RBC Capital Pounds the Table on Pandora Media Inc (P)

RBC Capital analyst Mark Mahaney was out pounding the table on Pandora Media Inc (NYSE:P) Thursday, reiterating an Outperform rating and price target of $25, which represents a potential upside of 53% from where the stock is currently trading.

Mahaney wrote, “The global radio advertising market ($33B) remains a very large attractive TAM; beyond this, we believe P can generate revenue from the music entertainment ($45B) and digital advertising industries ($70B).” Furthermore, “Our survey of almost 900 US Internet users found P to be the No. 2 source for music, just behind traditional radio.”

The analyst continued, “Pandora remains the leading global streaming service in terms of users, which is impressive given limited global availability.
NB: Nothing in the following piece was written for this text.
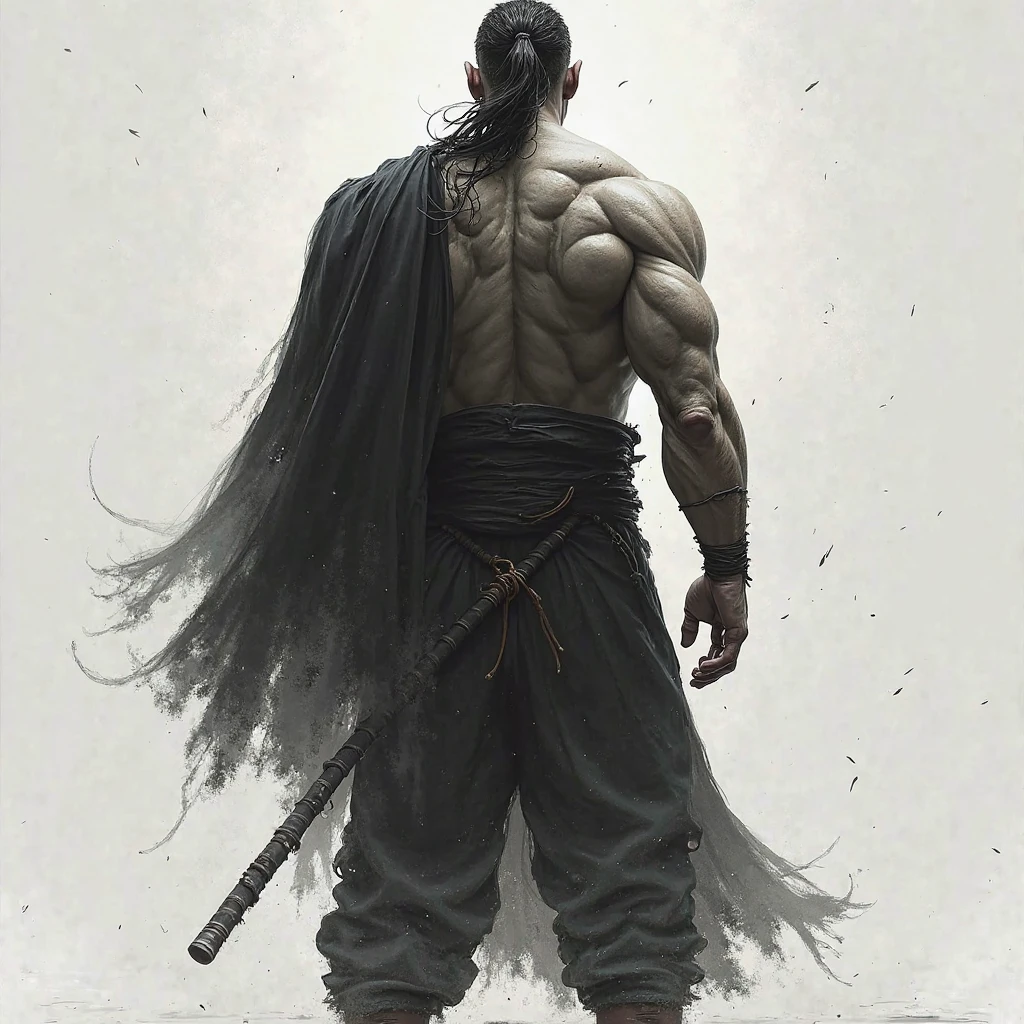 A tall man, His face was gloomy, covered in a long, dirty beard that looked like it hadn't been cut in months.. His long, dark hair was just as battered as his beard.. His clothes were dirty and looked old., like his gloves, and he was barefoot, but his body was strong and thin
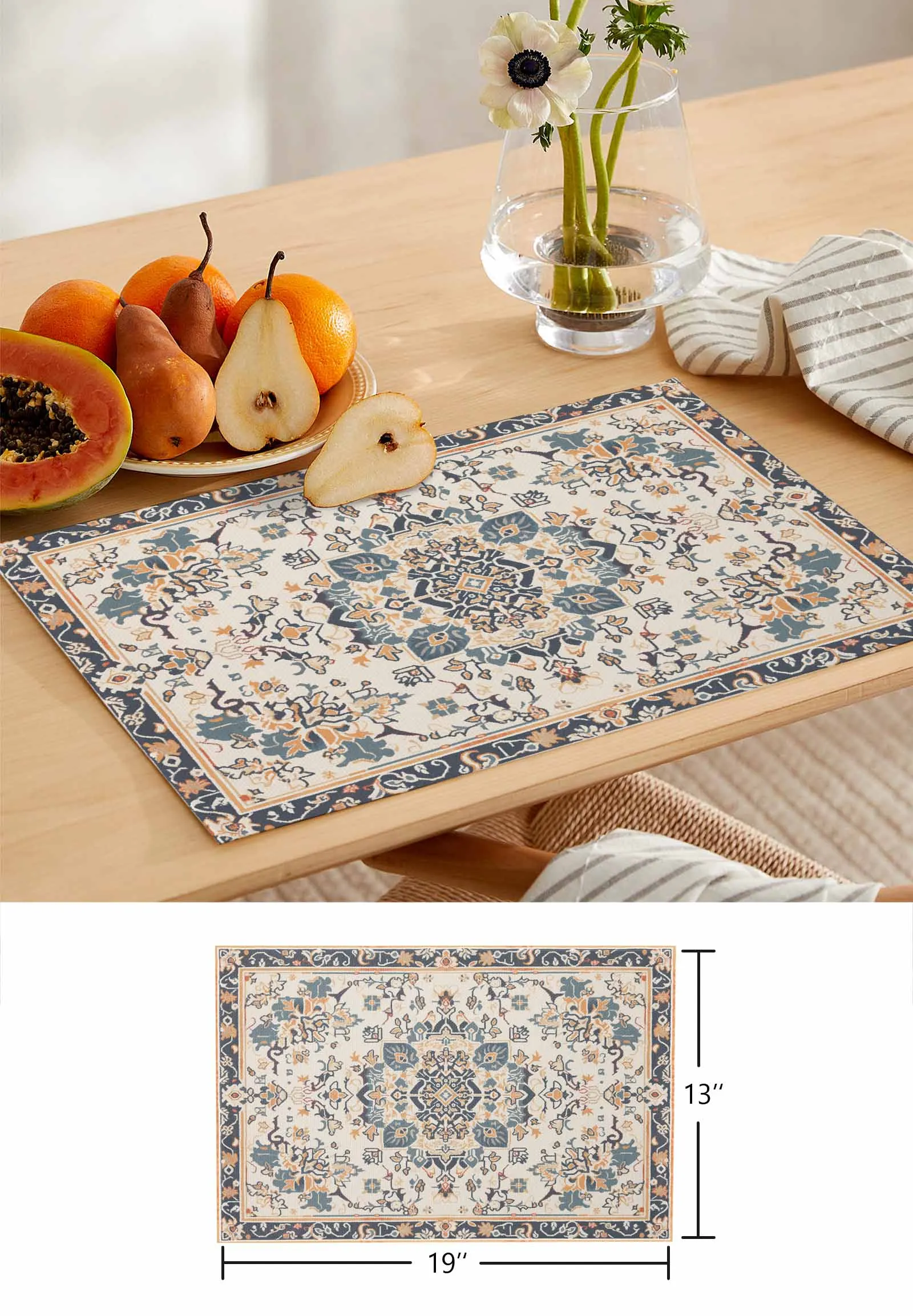 Ethnic Style Retro Persian Pattern Floral Kitchen Tableware Cup Bottle Placemat Coffee Pads 4/6pcs Desktop Mats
We believe its ease of use and superior music-discovery capability are two key factors. However, Spotify is rapidly approaching P’s user base and has generally better user reviews, though it has a different use case.”

Bottom line: “We continue to see P executing well despite the presence of an increasingly strong competitive set. We also view P as having significant strategic value and clear derivative value on the consumer shift to renting versus owning media and the connected car.

According to TipRanks.com, which measures analysts’ and bloggers’ success rate based on how their calls perform, analyst Mark Mahaney has a total average return of 22.9% and a 64.4% success rate. Mahaney has a -7.0% average return when recommending P, and is ranked #19 out of 3632 analysts.

Out of the 29 analysts polled by TipRanks, 20 rate Pandora Media Inc stock a Buy, 8 rate the stock a Hold and 1 recommends Sell. With a return potential of 43.3%, the stock’s consensus target price stands at $23.44.